* [DATASET CONTENT]

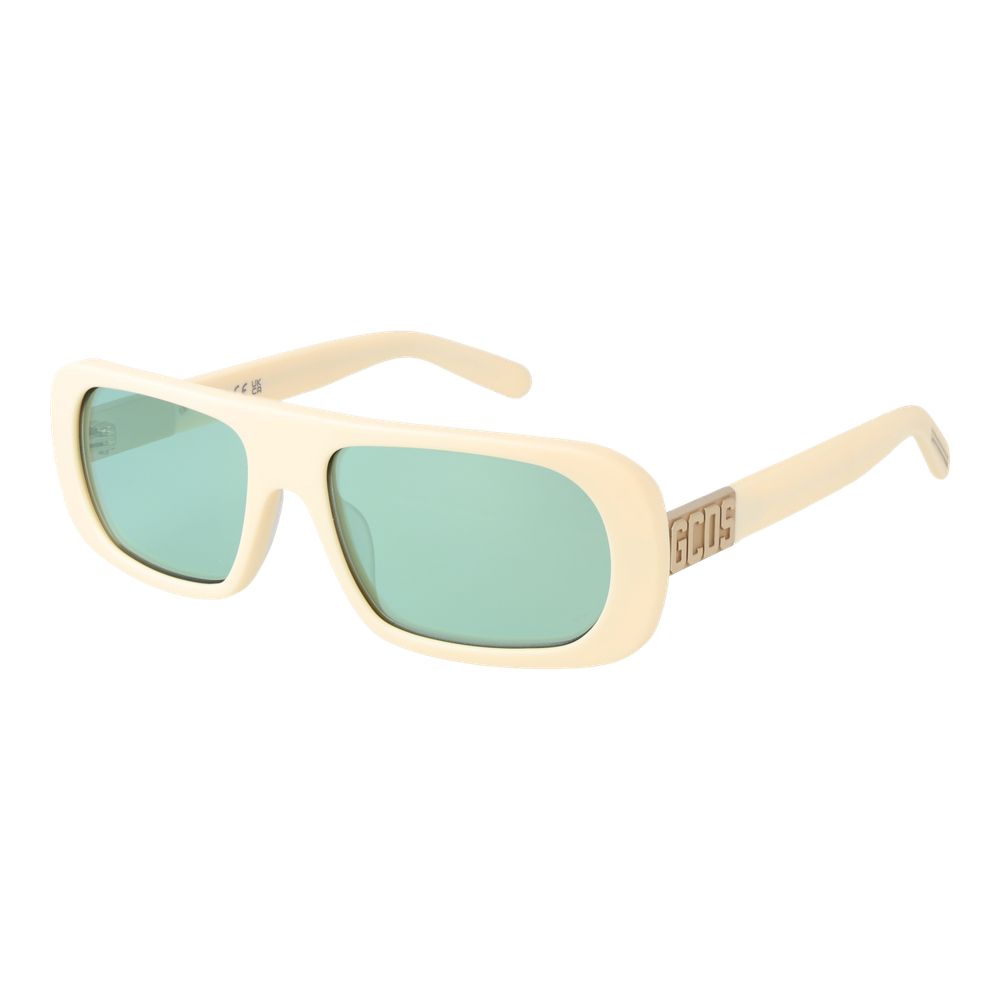GCDS Cremefarbene Unisex-Sonnenbrille
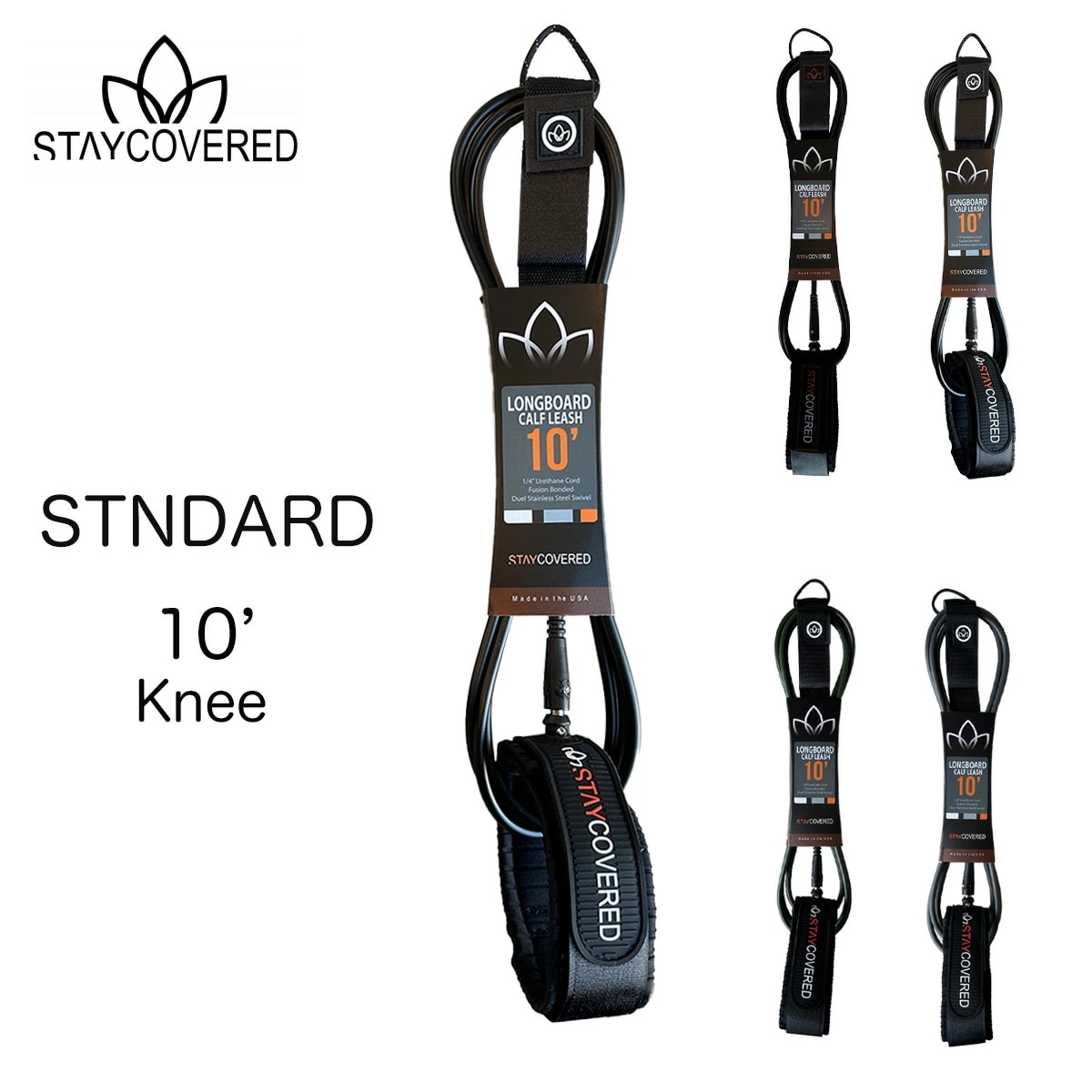 スティカバード サーフボード リーシュコード スタンダードリーシュ 10フィート 6.6ミリ カフ STAY COVERED LEASH STANDARD Calf Knee ふくらはぎ 膝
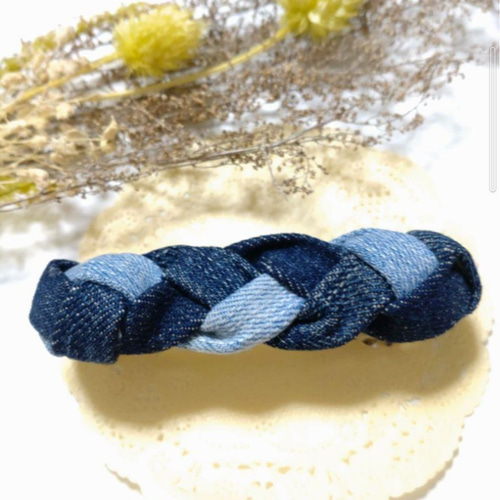 denim043 デニムヘアバレッタ ハンドメイド 悪
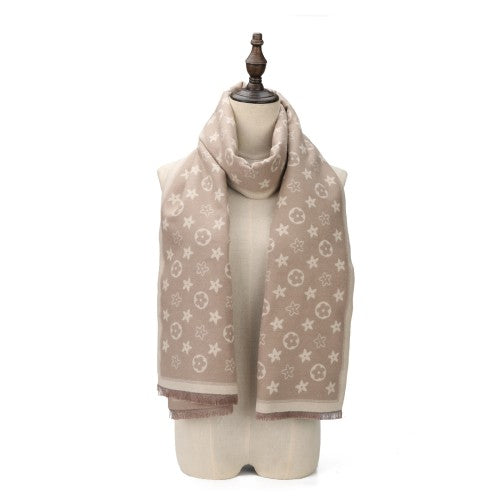 Celeste Star Pattern Reversible Cotton Scarf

* [PROBLEM TO WORK ON]
Leave every picture out and set down exactly the lines running from the one with "denim043 デニムヘアバレッタ ハンドメイド 悪" to the last line of the material above.

* [SOLUTION BELOW]
 denim043 デニムヘアバレッタ ハンドメイド 悪
 Celeste Star Pattern Reversible Cotton Scarf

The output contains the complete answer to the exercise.